Le chanteur américain Mark Lanegan (Screaming Trees, Mad Season, Queens of the Stone Age). Je l’adore et il n’a pas eu le succès qu’il méritait. Il a une voix incroyable, encore plus grave que la mienne. Toute l’histoire du mec qui n’a pas eu l’estime qu’il méritait me touche vraiment. C’est un poète maudit, qui a influencé de nombreux musiciens, malgré ses nombreuses collaborations.
Et si quelqu’un devait jouer votre rôle dans un biopic…
J’espère ne pas mourir tout de suite… Ma vie n’est pas si dingue que ça, à part faire des films… Je ne sais pas ce que le réalisateur raconterait. Mais je dirais le petit Sandor Funtek (qui a joué dans Suprêmes) qui n’est d’ailleurs pas si petit que ça…
Y-a-t-il une chanson qui résume parfaitement votre vie ?
The Past Recedes de John Frusciante.

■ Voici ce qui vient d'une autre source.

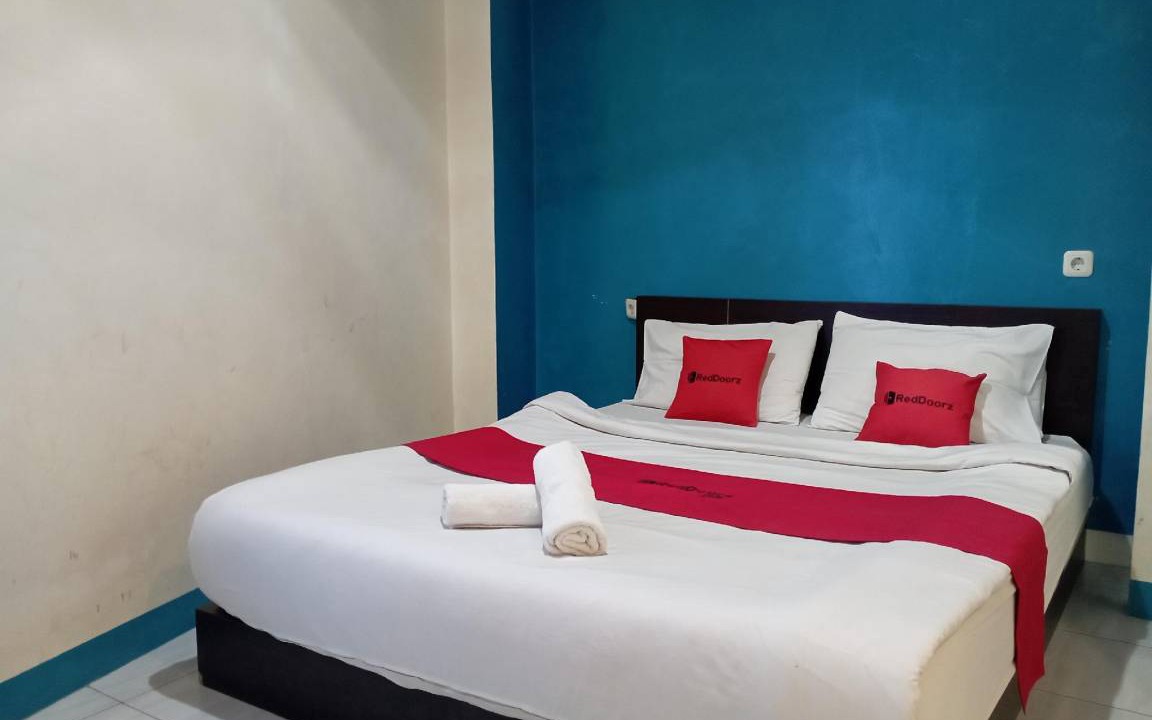 Purwokerto Hotel | 14 m² Hotel ∙ 2 guests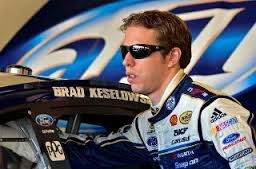 Brad Keselowski Brad Keselowski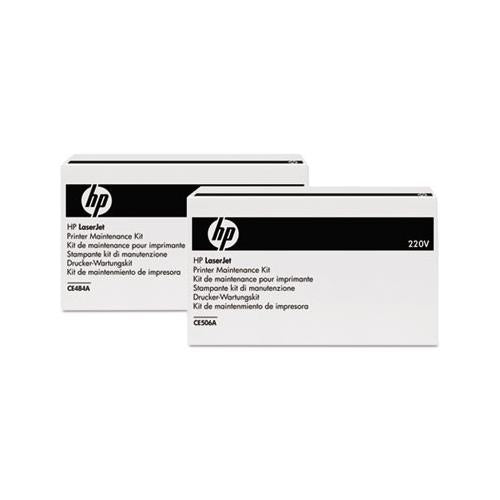 C1n54a 110v Maintenance Kit, Fuser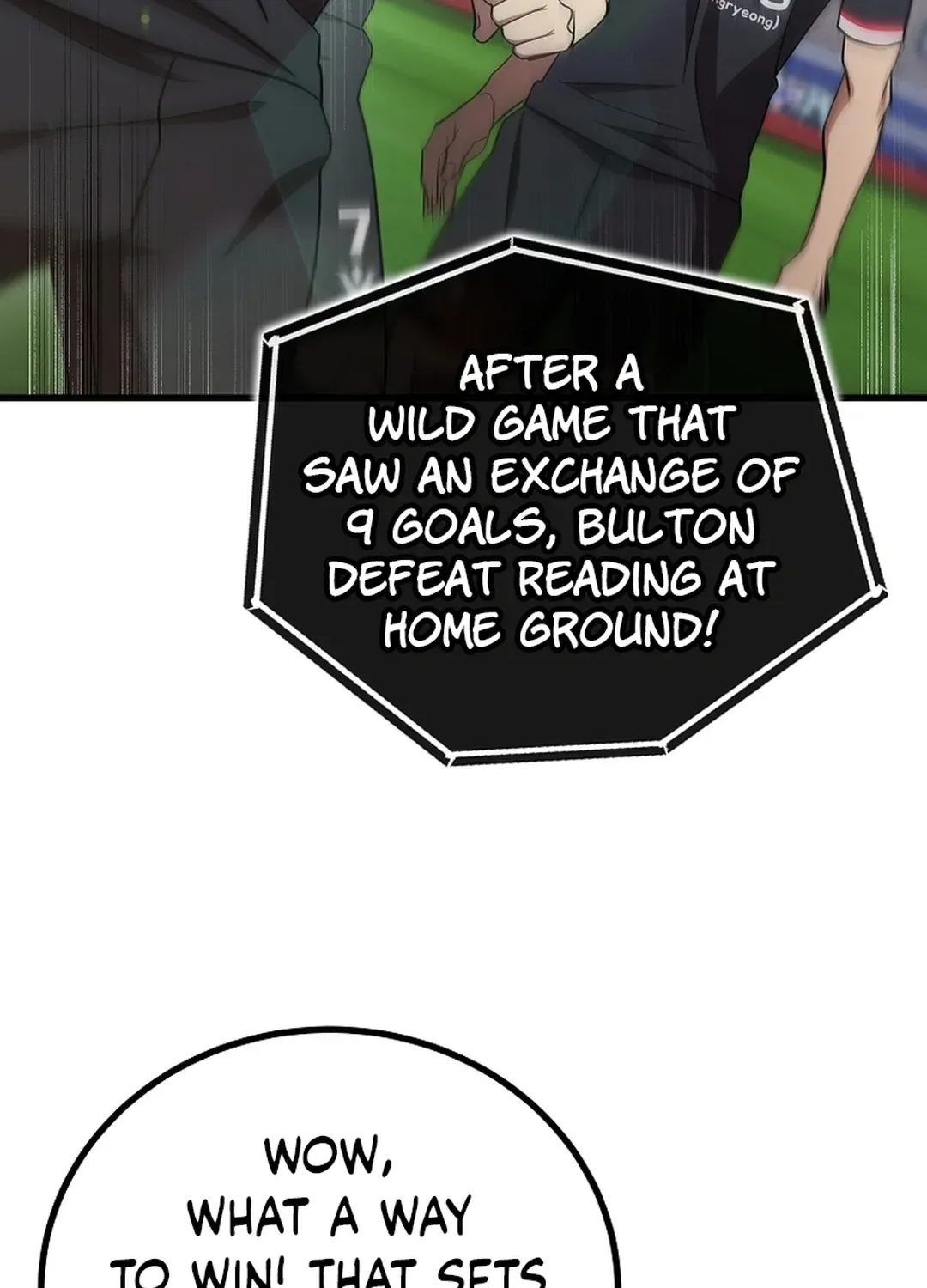 Black-Haired Tactical Genius Chapter 50 page 63 - 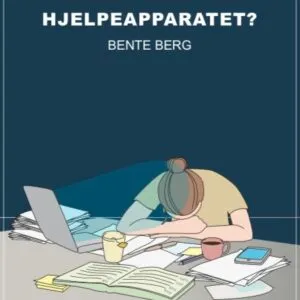 Hva er det med hjelpeapparatet?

C’est quelqu’un qui revient de loin. On connaît surtout sa participation aux Red Hot Chili Peppers mais sa carrière solo et sa vie sont incroyables. J’aime le fait qu’il soit, à un moment donné, parti du groupe, pour créer de la musique que presque beaucoup moins de personnes écoutent. Il va jusqu’au bout de qu’il aime faire, sans que ce soit des chansons normées, sans pression de la maison de disque, ni compromis pour les radios.
Chambre Noire featuring Nicolas Duvauchelle et Zoé Colotis – Paroles, paroles (2023). Les Rois de la Piste (2024) de Thierry Klifa avec Fanny Ardant, Nicolas Duvauchelle et Matthieu Kassovitz, actuellement au cinéma. L’acteur sera bientôt à l’affiche du film Brûle le sang (2024) d’Akaki Popkhadze et de la série Citoyens clandestins (2023) de Laetitia Masson, avec Raphaël Quenard.